Data for analysis Block Start
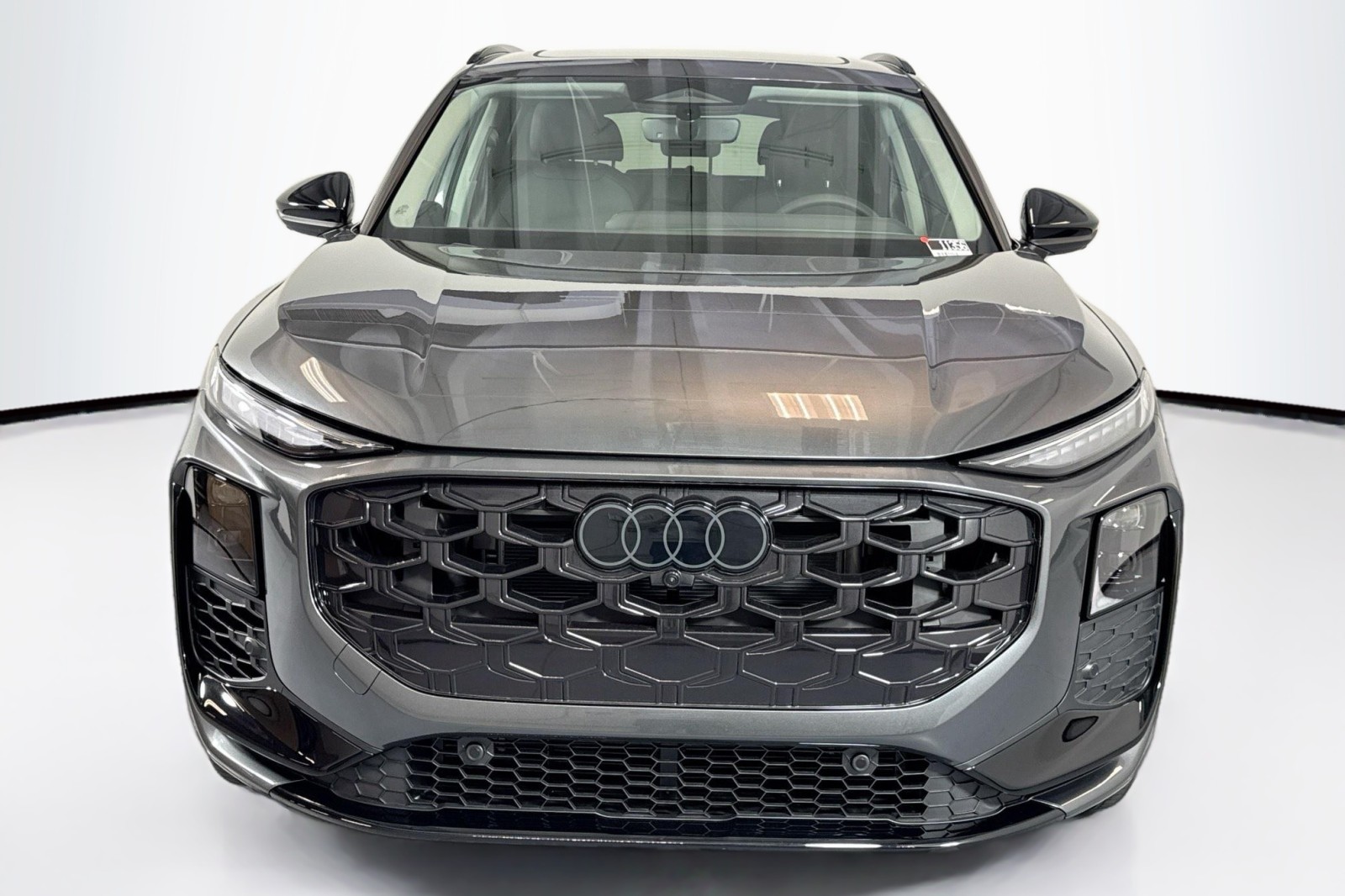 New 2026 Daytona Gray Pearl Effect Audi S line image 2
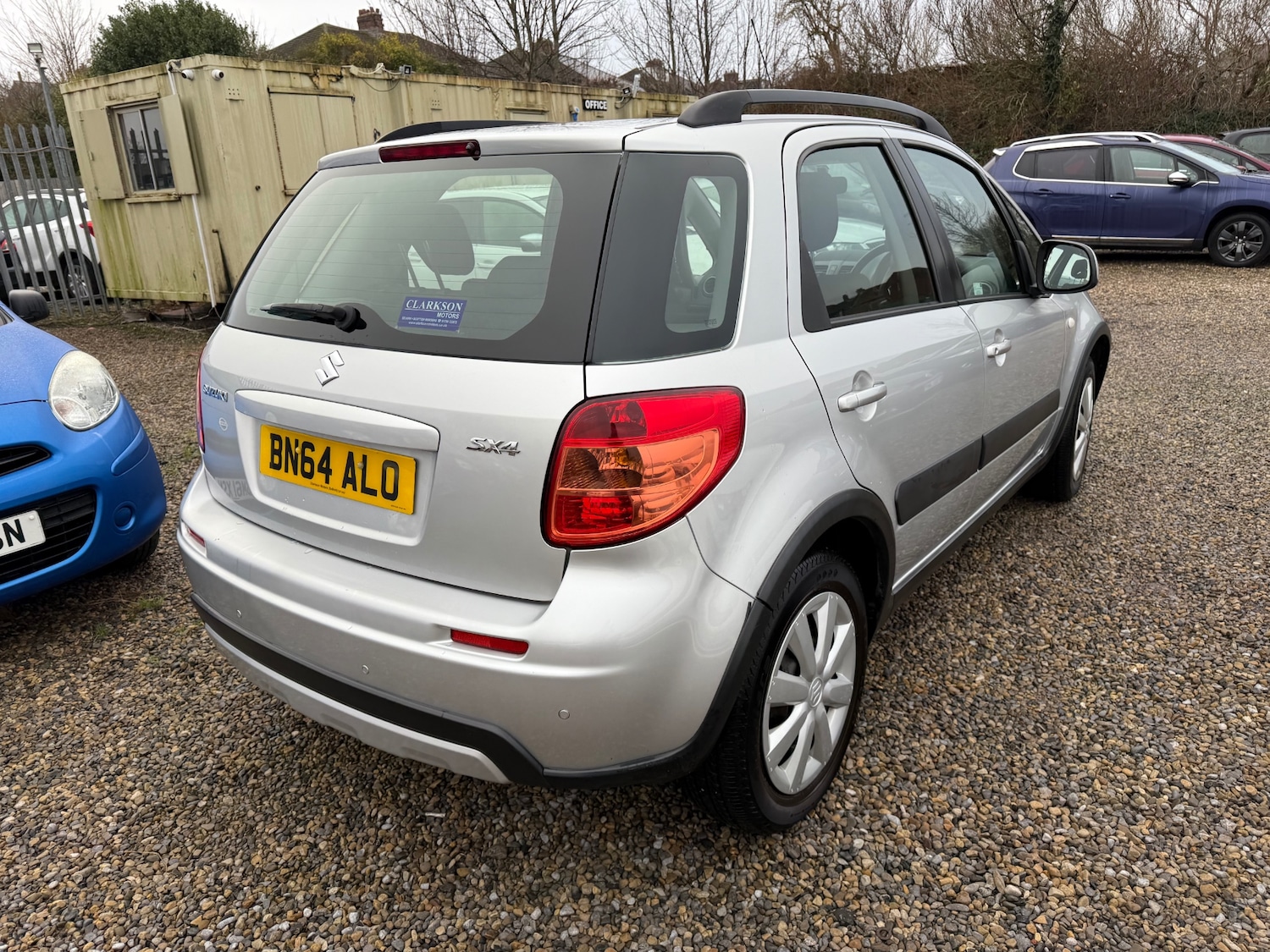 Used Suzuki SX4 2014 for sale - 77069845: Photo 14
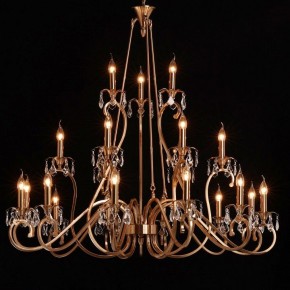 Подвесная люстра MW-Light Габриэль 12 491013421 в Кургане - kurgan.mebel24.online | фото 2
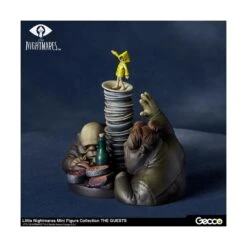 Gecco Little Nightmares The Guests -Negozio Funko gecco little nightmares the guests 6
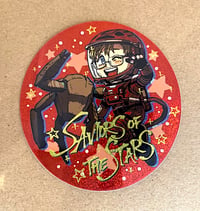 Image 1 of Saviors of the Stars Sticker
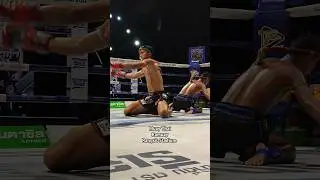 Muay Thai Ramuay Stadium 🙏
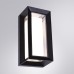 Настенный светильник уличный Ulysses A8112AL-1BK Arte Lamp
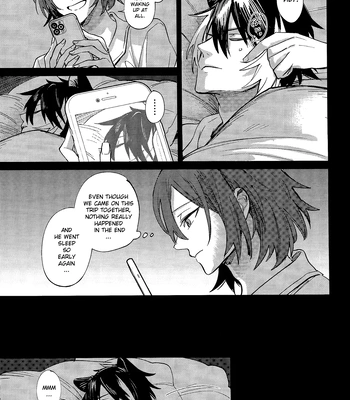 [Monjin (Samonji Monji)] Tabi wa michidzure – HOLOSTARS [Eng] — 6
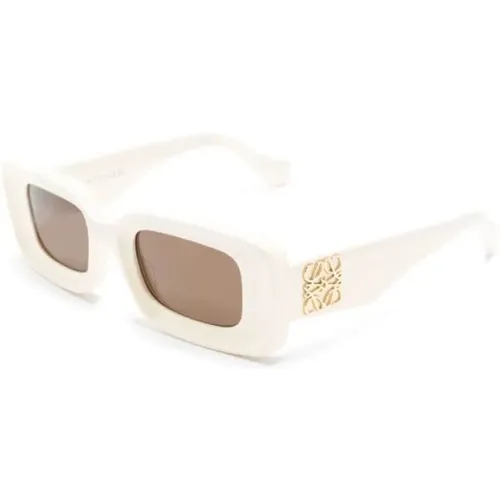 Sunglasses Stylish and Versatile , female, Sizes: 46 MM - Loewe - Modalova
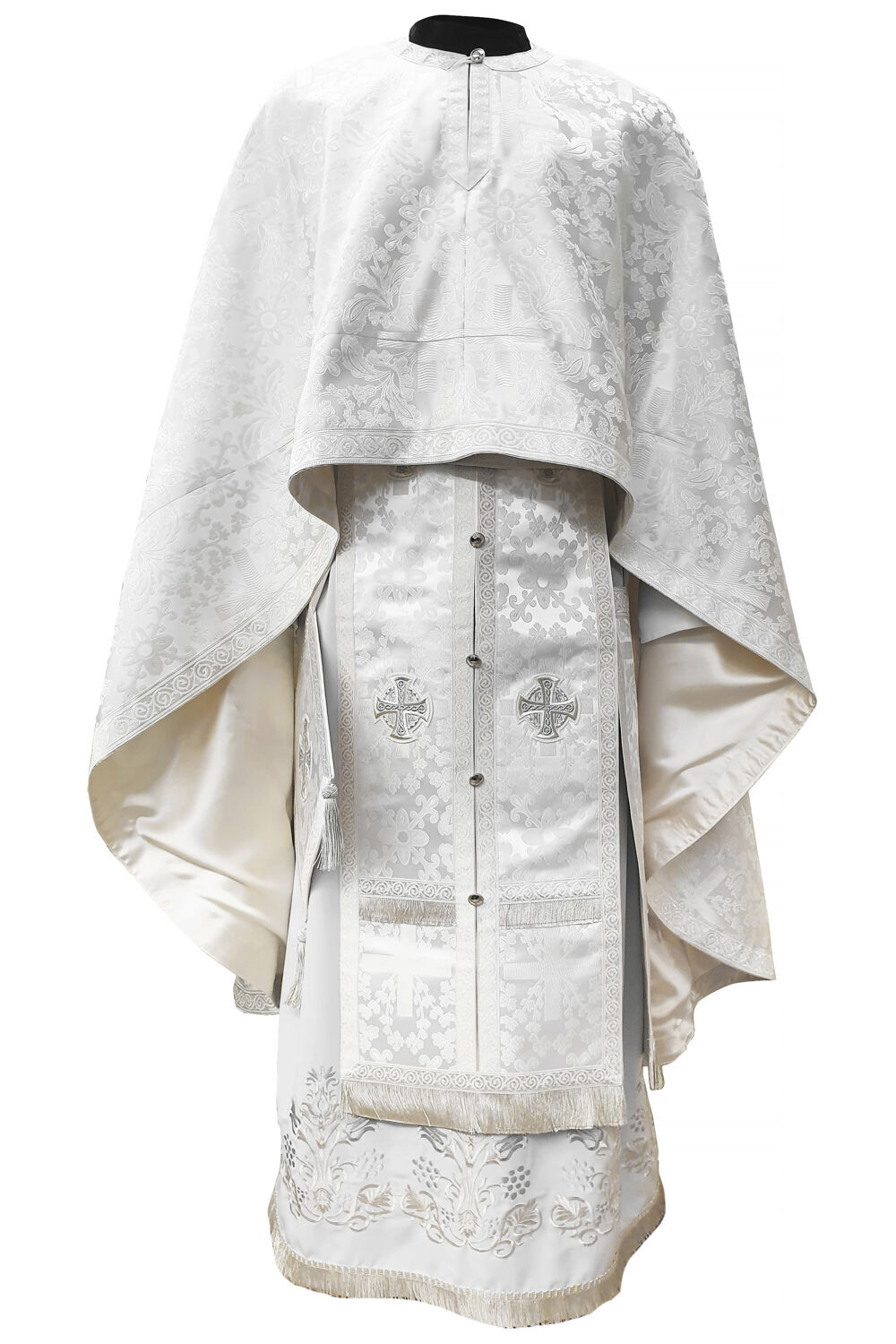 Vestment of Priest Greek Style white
Data for analysis Block End
Data for analysis Block Start
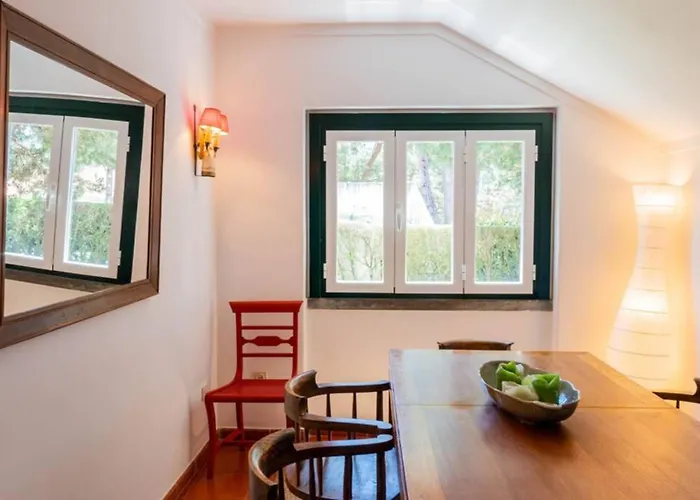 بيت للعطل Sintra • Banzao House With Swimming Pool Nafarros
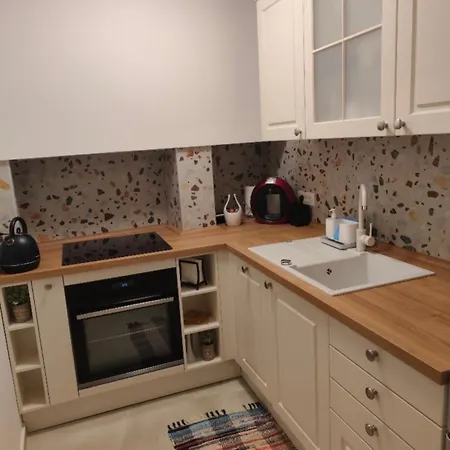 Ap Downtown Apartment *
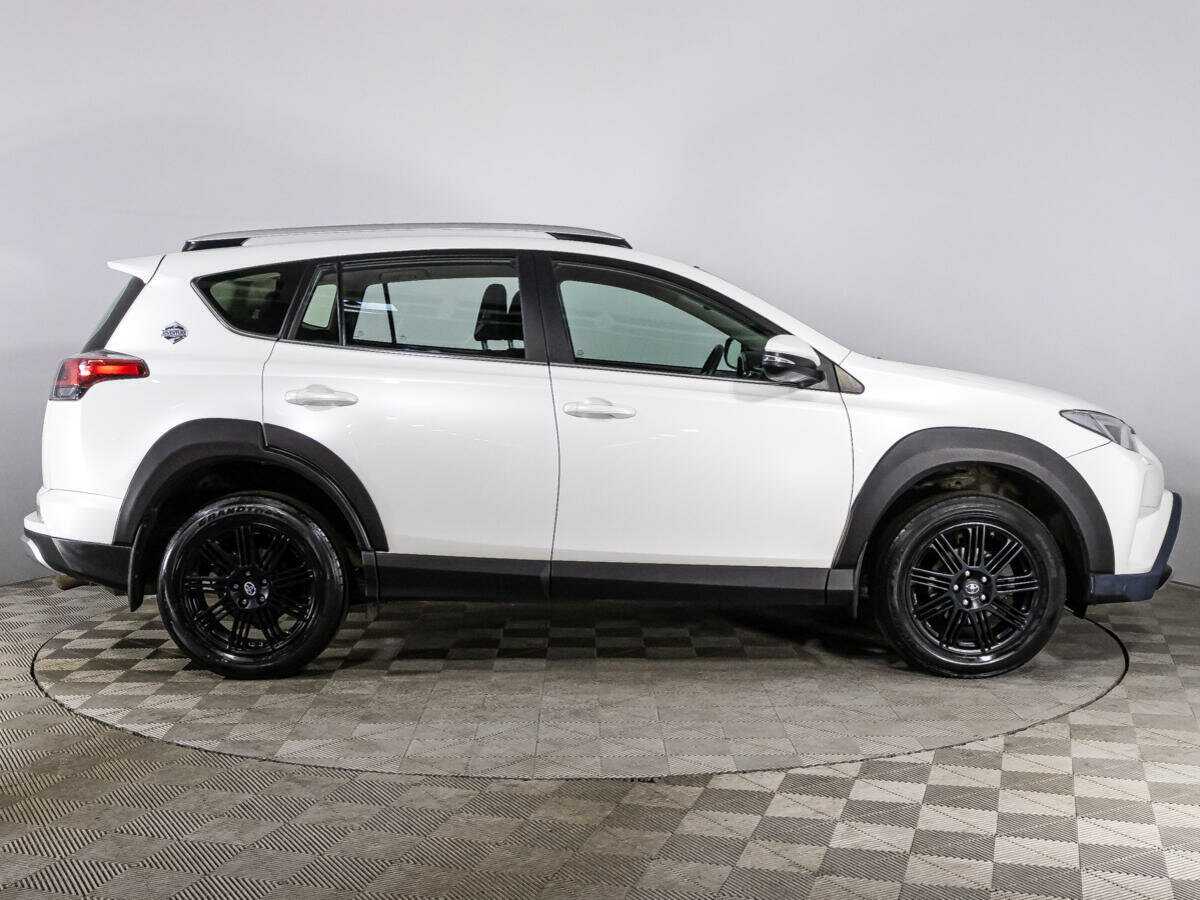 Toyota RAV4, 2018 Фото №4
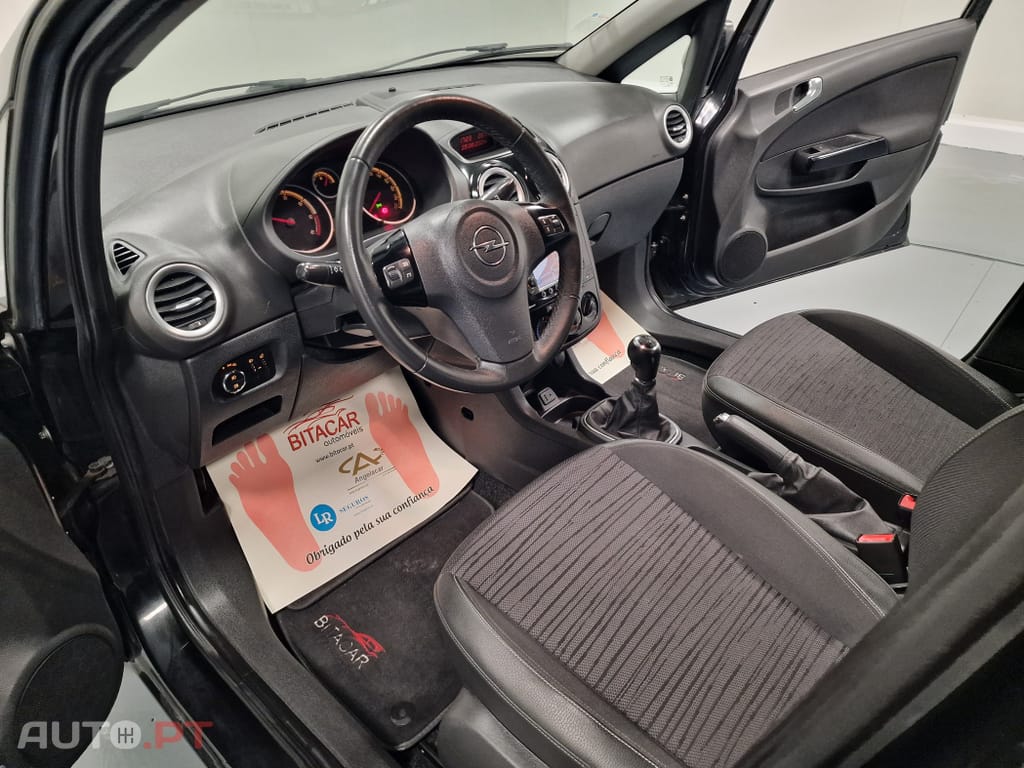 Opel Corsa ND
Data for analysis Block End
Data for analysis Block Start
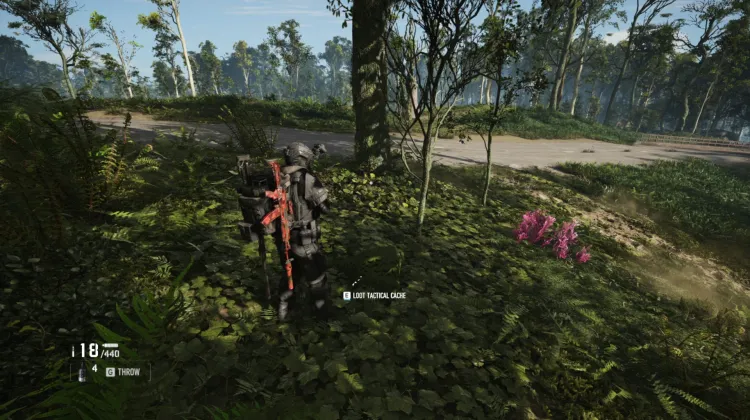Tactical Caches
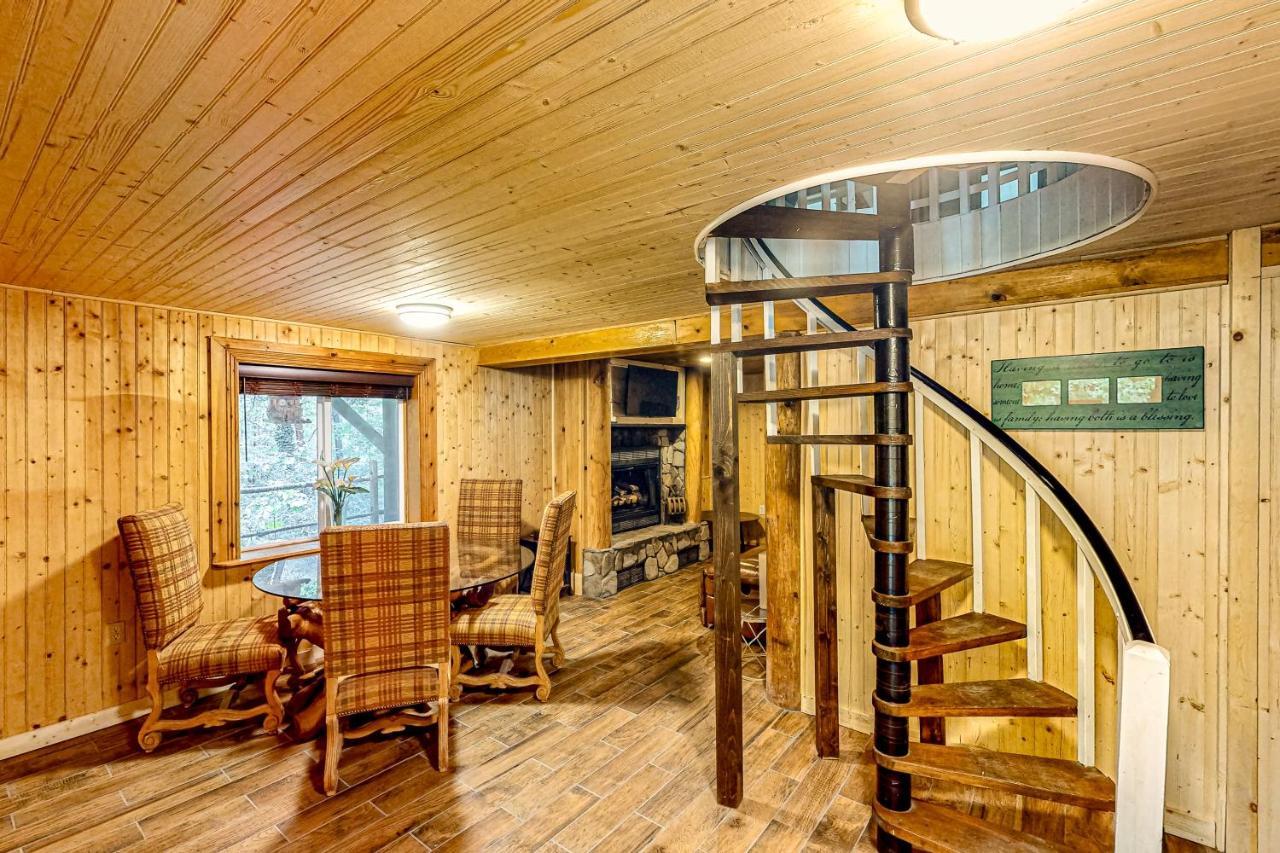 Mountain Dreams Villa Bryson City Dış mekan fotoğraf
Data for analysis Block End
— Brief —
Print the line above containing "Muay Thai Ramuay Stadium 🙏", the line containing "Vestment of Priest Greek Style white", and everything between them, exactly as written. Pictures stay out.

— Exercise result —
 Muay Thai Ramuay Stadium 🙏
 Настенный светильник уличный Ulysses A8112AL-1BK Arte Lamp
 [Monjin (Samonji Monji)] Tabi wa michidzure – HOLOSTARS [Eng] — 6
 Sunglasses Stylish and Versatile , female, Sizes: 46 MM - Loewe - Modalova
 Vestment of Priest Greek Style white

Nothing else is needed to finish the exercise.